▶ _Work item_:
A verbatim copy of the full data, with no pictures, is the expected answer.

▶ _Provided data_:

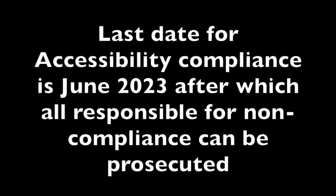Non-compliance, whether through not providing these mandatory features or failure to meet the standards for these features, is punishable by law. The last date for accessibility compliance is June 2023, after which all responsible for non-compliance can be prosecuted.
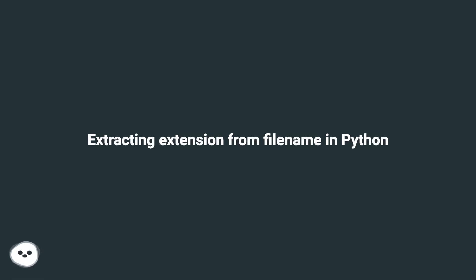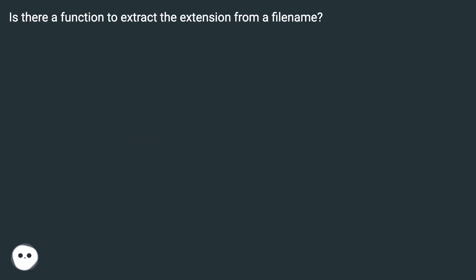Extracting extension from file name in Python. Is there a function to extract the extension from a file name?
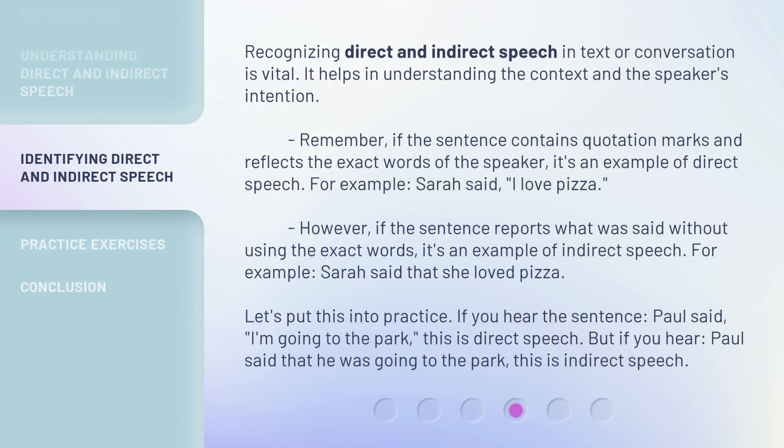Recognizing direct and indirect speech in text or conversation is vital — it helps in understanding the context and the speaker's intention. Remember, if the sentence contains quotation marks and reflects the exact words of the speaker, it's an example of direct speech. For example, Sarah said, 'I love pizza.' However, if the sentence reports what was said without using the exact words, it's an example of indirect speech. For example, Sarah said that she loved pizza. If you hear 'Paul said, I'm going to the park,' that's direct speech. But 'Paul said that he was going to the park' is indirect speech.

▶ _Your solution_:
Non-compliance, whether through not providing these mandatory features or failure to meet the standards for these features, is punishable by law. The last date for accessibility compliance is June 2023, after which all responsible for non-compliance can be prosecuted.
Extracting extension from file name in Python. Is there a function to extract the extension from a file name?
Recognizing direct and indirect speech in text or conversation is vital — it helps in understanding the context and the speaker's intention. Remember, if the sentence contains quotation marks and reflects the exact words of the speaker, it's an example of direct speech. For example, Sarah said, 'I love pizza.' However, if the sentence reports what was said without using the exact words, it's an example of indirect speech. For example, Sarah said that she loved pizza. If you hear 'Paul said, I'm going to the park,' that's direct speech. But 'Paul said that he was going to the park' is indirect speech.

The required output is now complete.